> **DATA PROVIDED**
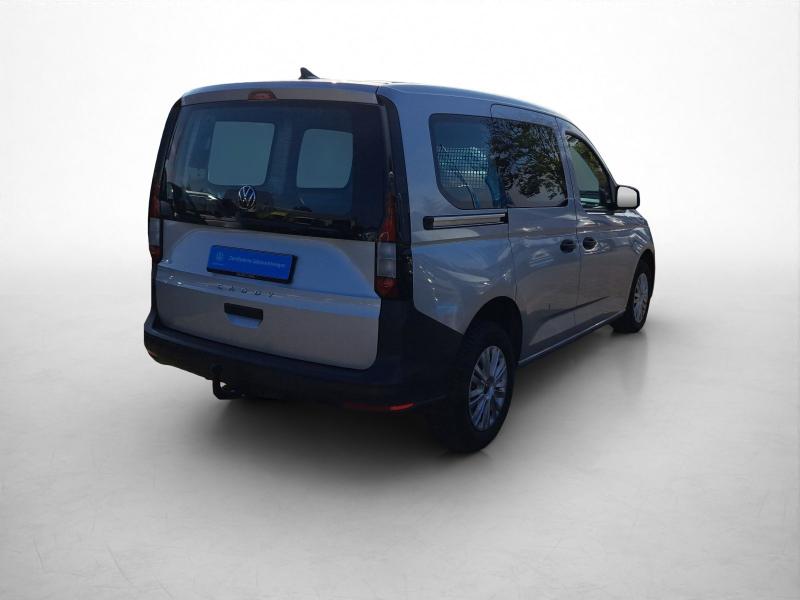 Volkswagen Caddy Basis – image 18 of 21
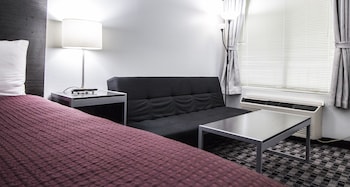 Executive Room, 1 King Bed, Non Smoking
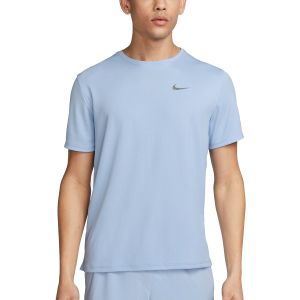 Nike Miler Dri-FIT UV Men's Short-Sleeve Top DV9315-479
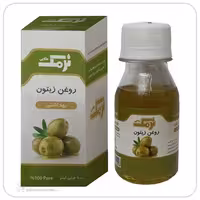 روغن  زیتون  نرمک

> **WORK REQUIRED**
Quote the data exactly, leaving every image out of the copy.

> **ANSWER SECTION**
 Volkswagen Caddy Basis – image 18 of 21
 Executive Room, 1 King Bed, Non Smoking
 Nike Miler Dri-FIT UV Men's Short-Sleeve Top DV9315-479
 روغن  زیتون  نرمک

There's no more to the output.